Opponents of the law spent half a billion dollars or so savaging it, while Democrats spent a fraction of that amount defending it as they fled the complications of “owning” the health care system. Republicans think they can escape the political consequences of repeal in 2018 pretty easily, even if the health care marketplaces begin to fall apart — which seems probable — because they know how fragmented voters have become. Thanks to Fox News and Facebook, their supporters will mostly get good news about repeal. And Democrats will likely fail to match the GOP’s assault on the law because Democratic policies that benefit a wide swath of the American public just don’t have the same appeal to billionaire donors who now anticipate billions in tax breaks by betting on red.

But “Repeal and Delay” is so inherently nonsensical that several Republican Senators have already expressed doubts about it. All we need is three GOP Senators to say no and it’s dead. Is that likely? Are there three Republicans who will vote against giving their donors tax breaks? Not so likely, but definitely possible.

How do you do it?

Exposing the almost unimaginable hypocrisy behind what the GOP is doing probably won’t accomplish anything except to give you an ulcer, as right-wing media and donors prepare an onslaught to blame Democrats for ever trying to pass nearly universal coverage and end discrimination against the sick.
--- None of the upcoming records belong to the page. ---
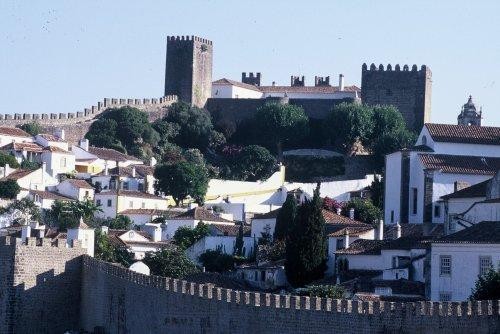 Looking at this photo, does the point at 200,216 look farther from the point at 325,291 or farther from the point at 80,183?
the point at 325,291

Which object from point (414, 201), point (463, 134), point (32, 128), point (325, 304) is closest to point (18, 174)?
point (32, 128)

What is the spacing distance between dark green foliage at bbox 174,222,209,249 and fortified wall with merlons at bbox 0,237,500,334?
24.5 metres

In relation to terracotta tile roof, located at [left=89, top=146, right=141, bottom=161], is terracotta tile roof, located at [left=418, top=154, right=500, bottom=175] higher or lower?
lower

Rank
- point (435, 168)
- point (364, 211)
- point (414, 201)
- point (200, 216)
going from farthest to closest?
1. point (200, 216)
2. point (364, 211)
3. point (414, 201)
4. point (435, 168)

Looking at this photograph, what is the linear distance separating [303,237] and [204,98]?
194ft

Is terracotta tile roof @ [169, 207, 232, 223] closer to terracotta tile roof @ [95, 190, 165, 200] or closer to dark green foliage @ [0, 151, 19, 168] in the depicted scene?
terracotta tile roof @ [95, 190, 165, 200]

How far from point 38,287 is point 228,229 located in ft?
97.9

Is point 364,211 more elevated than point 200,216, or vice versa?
point 364,211

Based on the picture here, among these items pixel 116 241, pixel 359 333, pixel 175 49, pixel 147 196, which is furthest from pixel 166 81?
pixel 359 333

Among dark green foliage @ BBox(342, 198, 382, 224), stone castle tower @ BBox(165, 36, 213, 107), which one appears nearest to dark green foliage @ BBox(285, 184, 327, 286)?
dark green foliage @ BBox(342, 198, 382, 224)

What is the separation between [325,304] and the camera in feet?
120

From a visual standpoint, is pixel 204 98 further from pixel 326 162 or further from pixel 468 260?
pixel 468 260

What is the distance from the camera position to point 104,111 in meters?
111

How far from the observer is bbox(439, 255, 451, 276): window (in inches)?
1844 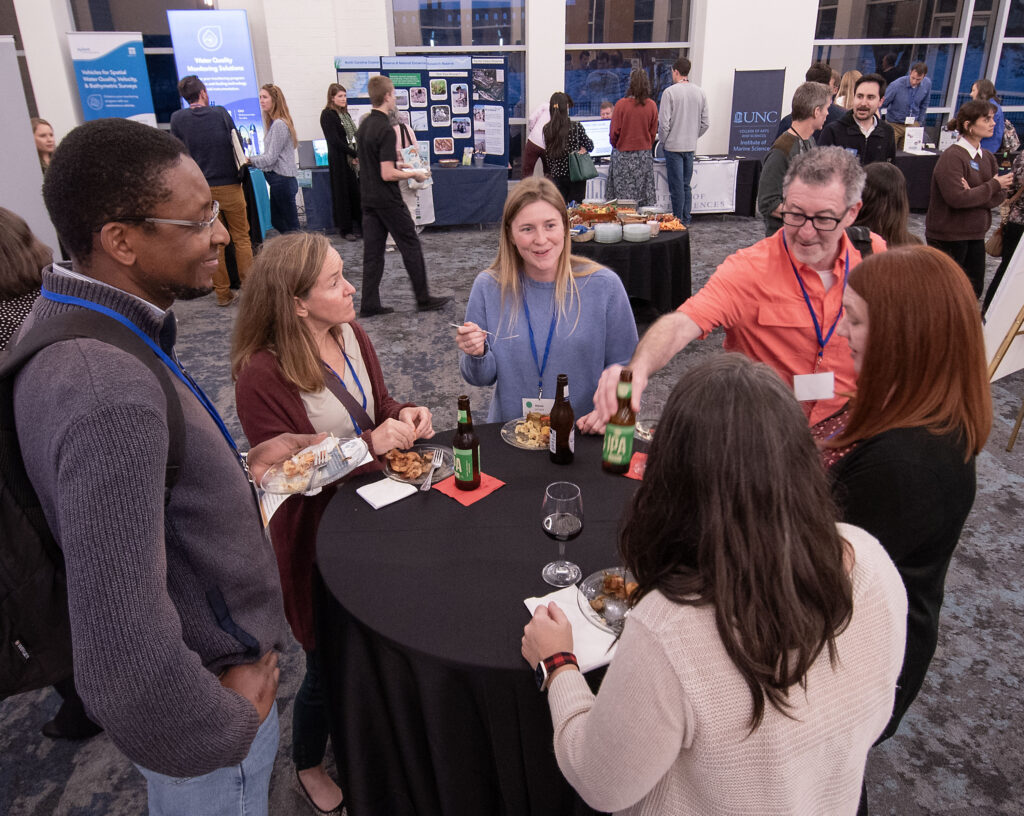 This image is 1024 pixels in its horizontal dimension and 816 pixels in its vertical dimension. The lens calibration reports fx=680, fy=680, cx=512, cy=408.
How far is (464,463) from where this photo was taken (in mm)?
1736

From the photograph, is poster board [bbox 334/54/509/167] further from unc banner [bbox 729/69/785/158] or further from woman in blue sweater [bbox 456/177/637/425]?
woman in blue sweater [bbox 456/177/637/425]

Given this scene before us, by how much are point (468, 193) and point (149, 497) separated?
7.96 metres

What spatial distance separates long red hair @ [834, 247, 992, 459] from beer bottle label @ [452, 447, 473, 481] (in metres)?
0.90

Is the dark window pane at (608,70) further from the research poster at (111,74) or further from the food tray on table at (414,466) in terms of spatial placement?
the food tray on table at (414,466)

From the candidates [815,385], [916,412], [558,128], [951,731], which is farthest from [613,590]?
[558,128]

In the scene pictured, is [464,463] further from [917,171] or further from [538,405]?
[917,171]

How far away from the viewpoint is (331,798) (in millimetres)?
1838

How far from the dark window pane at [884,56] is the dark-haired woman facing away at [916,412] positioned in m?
10.2

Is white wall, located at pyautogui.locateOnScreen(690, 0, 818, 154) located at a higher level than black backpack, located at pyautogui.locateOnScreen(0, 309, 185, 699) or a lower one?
higher

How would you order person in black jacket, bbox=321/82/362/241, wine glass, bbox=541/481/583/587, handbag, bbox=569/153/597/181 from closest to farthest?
wine glass, bbox=541/481/583/587 → handbag, bbox=569/153/597/181 → person in black jacket, bbox=321/82/362/241

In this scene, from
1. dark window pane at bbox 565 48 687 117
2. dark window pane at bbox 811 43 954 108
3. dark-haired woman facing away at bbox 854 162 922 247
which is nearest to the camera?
dark-haired woman facing away at bbox 854 162 922 247

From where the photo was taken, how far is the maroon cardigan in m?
1.78

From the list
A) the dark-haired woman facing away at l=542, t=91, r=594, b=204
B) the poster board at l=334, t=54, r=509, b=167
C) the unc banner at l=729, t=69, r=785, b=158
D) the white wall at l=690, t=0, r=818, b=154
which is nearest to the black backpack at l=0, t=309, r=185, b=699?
the dark-haired woman facing away at l=542, t=91, r=594, b=204

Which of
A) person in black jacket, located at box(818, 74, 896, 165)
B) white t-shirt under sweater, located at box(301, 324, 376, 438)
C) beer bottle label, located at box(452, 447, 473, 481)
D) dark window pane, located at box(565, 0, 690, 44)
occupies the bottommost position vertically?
beer bottle label, located at box(452, 447, 473, 481) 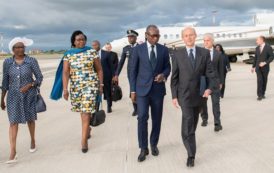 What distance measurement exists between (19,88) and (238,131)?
3861mm

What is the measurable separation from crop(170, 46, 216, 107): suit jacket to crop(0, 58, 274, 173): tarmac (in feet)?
2.91

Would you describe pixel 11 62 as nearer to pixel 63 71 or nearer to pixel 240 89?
pixel 63 71

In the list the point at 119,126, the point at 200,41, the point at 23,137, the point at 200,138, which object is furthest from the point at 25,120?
the point at 200,41

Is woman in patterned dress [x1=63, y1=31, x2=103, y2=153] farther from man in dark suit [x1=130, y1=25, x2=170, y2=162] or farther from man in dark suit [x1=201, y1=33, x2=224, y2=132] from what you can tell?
man in dark suit [x1=201, y1=33, x2=224, y2=132]

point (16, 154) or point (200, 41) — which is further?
point (200, 41)

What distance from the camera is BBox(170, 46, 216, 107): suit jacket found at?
4531 millimetres

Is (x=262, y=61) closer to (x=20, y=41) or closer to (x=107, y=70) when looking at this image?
(x=107, y=70)

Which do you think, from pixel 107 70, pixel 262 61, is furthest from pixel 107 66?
pixel 262 61

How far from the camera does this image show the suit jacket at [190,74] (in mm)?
4531

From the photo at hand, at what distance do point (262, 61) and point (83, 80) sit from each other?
6402 mm

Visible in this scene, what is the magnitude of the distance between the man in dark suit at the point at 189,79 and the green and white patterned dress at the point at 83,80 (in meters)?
1.39

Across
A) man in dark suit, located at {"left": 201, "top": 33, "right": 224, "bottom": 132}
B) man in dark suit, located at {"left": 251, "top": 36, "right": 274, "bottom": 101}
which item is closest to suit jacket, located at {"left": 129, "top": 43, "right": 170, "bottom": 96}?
man in dark suit, located at {"left": 201, "top": 33, "right": 224, "bottom": 132}

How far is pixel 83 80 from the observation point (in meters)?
5.44

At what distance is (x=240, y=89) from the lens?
41.9 feet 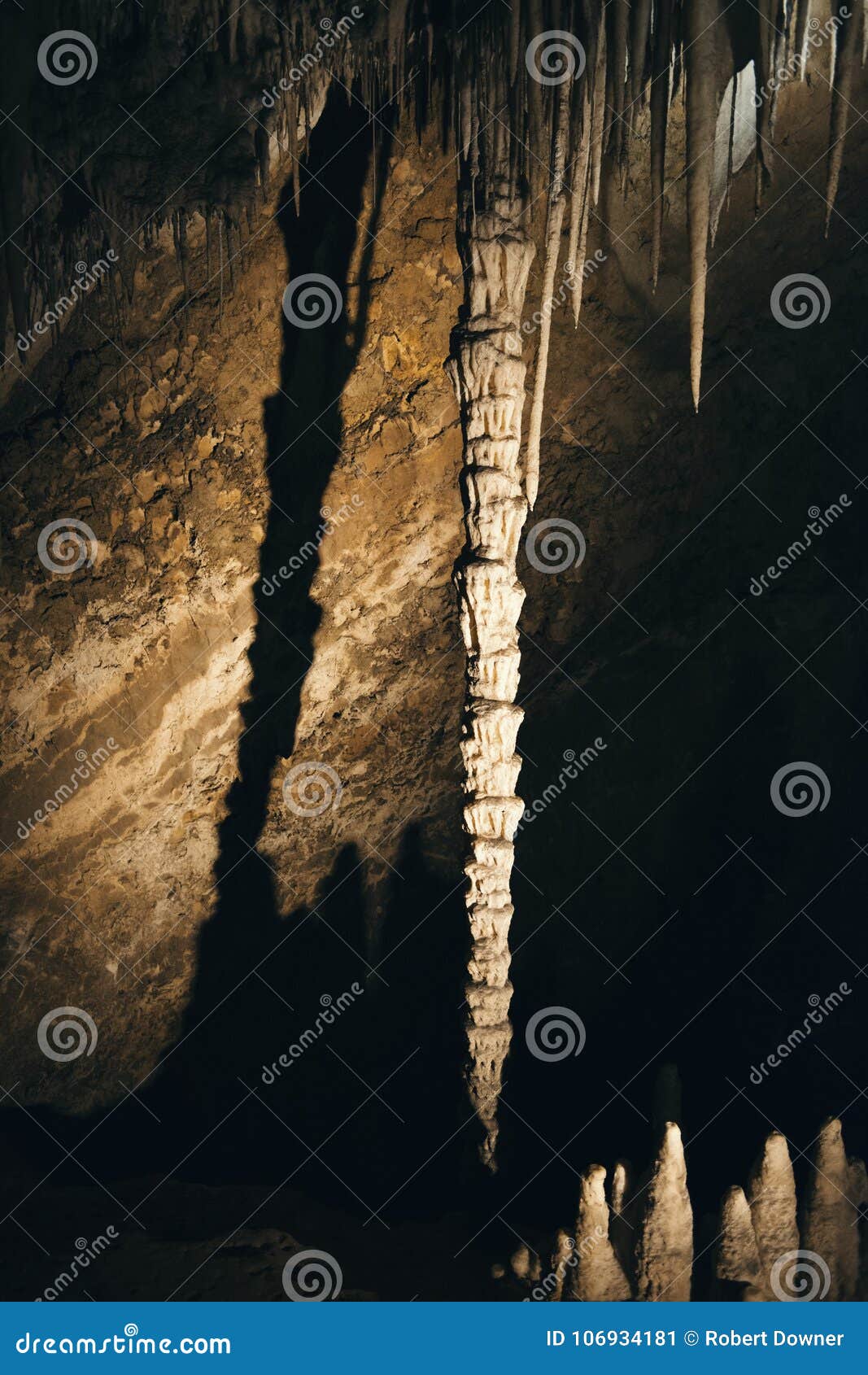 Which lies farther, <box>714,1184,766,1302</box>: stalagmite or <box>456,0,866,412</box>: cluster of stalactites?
<box>714,1184,766,1302</box>: stalagmite

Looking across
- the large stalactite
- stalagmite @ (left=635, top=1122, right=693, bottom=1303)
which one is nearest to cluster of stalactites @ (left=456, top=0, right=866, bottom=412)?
the large stalactite

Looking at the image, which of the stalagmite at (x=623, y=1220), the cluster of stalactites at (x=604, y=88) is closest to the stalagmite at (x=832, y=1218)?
the stalagmite at (x=623, y=1220)

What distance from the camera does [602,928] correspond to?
24.2ft

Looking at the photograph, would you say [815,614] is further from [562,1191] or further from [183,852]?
[183,852]

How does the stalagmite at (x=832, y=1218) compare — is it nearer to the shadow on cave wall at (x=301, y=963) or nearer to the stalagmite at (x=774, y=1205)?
the stalagmite at (x=774, y=1205)

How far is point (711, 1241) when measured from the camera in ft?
15.7

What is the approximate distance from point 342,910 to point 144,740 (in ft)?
5.32

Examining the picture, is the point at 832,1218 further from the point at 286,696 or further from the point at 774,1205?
the point at 286,696

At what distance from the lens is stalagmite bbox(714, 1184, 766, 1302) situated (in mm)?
4496

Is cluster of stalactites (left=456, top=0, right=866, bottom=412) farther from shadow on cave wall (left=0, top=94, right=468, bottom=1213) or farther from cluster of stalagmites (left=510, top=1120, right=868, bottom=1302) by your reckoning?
cluster of stalagmites (left=510, top=1120, right=868, bottom=1302)

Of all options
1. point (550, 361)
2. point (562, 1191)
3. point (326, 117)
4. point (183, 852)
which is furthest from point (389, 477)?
point (562, 1191)

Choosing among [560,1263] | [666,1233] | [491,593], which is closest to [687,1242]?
[666,1233]

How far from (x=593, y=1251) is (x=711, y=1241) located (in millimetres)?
621

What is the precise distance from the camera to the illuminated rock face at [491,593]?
15.8 ft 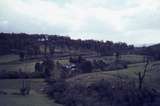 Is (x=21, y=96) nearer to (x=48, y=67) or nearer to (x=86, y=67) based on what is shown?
(x=48, y=67)

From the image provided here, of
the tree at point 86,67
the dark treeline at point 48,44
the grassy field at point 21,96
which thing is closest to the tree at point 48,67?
the grassy field at point 21,96

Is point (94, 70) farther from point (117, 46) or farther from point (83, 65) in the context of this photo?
point (117, 46)

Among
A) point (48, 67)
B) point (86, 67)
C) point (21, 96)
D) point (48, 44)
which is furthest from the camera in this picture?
point (48, 44)

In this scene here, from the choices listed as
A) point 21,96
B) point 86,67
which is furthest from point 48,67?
point 21,96

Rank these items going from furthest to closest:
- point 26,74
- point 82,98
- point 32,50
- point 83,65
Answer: point 32,50, point 83,65, point 26,74, point 82,98

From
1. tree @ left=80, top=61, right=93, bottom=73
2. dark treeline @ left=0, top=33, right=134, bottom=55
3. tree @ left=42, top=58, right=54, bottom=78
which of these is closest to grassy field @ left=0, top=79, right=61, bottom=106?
tree @ left=42, top=58, right=54, bottom=78

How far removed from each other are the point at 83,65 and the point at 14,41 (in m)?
41.5

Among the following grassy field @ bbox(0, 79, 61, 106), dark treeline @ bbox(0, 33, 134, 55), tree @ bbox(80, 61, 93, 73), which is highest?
dark treeline @ bbox(0, 33, 134, 55)

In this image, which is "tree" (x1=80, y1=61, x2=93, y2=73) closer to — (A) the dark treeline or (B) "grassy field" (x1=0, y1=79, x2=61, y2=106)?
(B) "grassy field" (x1=0, y1=79, x2=61, y2=106)

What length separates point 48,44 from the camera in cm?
13525

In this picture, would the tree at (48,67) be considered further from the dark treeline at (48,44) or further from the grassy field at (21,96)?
the dark treeline at (48,44)

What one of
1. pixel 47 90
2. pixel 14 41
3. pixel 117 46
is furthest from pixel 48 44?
pixel 47 90

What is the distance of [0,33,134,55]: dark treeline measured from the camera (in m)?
119

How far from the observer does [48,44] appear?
135m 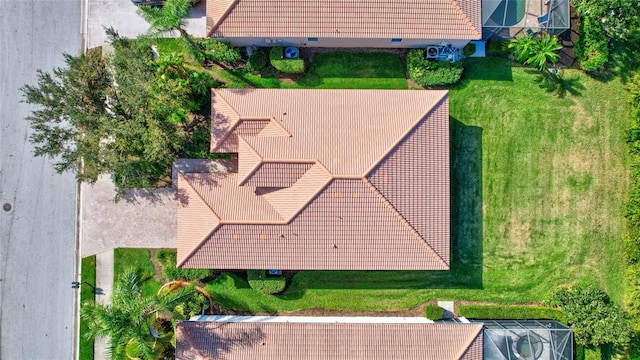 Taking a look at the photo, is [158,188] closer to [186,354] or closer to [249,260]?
[249,260]

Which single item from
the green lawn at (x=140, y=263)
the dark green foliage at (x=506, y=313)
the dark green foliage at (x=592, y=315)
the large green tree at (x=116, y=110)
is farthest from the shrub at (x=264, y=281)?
the dark green foliage at (x=592, y=315)

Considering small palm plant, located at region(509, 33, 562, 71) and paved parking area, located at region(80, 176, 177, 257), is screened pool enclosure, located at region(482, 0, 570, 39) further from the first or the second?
paved parking area, located at region(80, 176, 177, 257)

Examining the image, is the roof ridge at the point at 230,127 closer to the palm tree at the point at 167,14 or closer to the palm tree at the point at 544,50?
the palm tree at the point at 167,14

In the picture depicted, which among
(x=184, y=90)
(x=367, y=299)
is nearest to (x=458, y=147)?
(x=367, y=299)

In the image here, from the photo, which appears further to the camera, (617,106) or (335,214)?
(617,106)

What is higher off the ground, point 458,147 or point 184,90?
point 184,90

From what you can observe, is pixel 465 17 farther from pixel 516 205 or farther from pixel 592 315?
pixel 592 315

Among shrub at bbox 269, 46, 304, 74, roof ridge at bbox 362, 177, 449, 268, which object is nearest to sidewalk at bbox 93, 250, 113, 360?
shrub at bbox 269, 46, 304, 74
Forcing the GOP to pass a replacement as they pass repeal is the only hope of exposing the massive damage they’re about to do. No delay can be acceptable, given that we know they’ve had seven years to come up with a replacement — and the best they’ve got is Paul Ryan cheerfully reading The Fountainhead to uninsured kids.

The Washington Post‘s Paul Waldman offers the Republican retreat on gutting the Office of Congressional Ethics as path forward.

“They had the votes to do it, so they did, in the belief that the political fallout would be limited enough to make the whole thing worthwhile,” he wrote. “What they didn’t count on was that the news media would be drawn to the story and give it front-page treatment, or that Democrats, liberal organizations, and individuals using social media would quickly mobilize to get people to contact their representatives to express their outrage.”

Trump got credit from credulous news sources for opposing the timing of that move by House Republicans, but the real story is we have a president-elect who is extraordinarily pliable — except in his undying affection for Vladimir Putin — and extraordinarily susceptible to what he sees in cable news.

Trump doesn’t want CNN talking about anything but what he wants them to talk about. That’s a weakness we must seize upon relentlessly.

Massive resistance, as described in the Indivisible Guide, is one way to make this happen organically. But Democrats will always be at a disadvantage because they lack the propaganda and PR infrastructure of the right. Unless both the grassroots and the liberal donor class decide that this is a fight that can’t be lost, thousands of Americans will die each year lacking coverage that Democrats had won for them.

Many Americans spent the last year imagining the worst couldn’t happen. We don’t have that luxury anymore.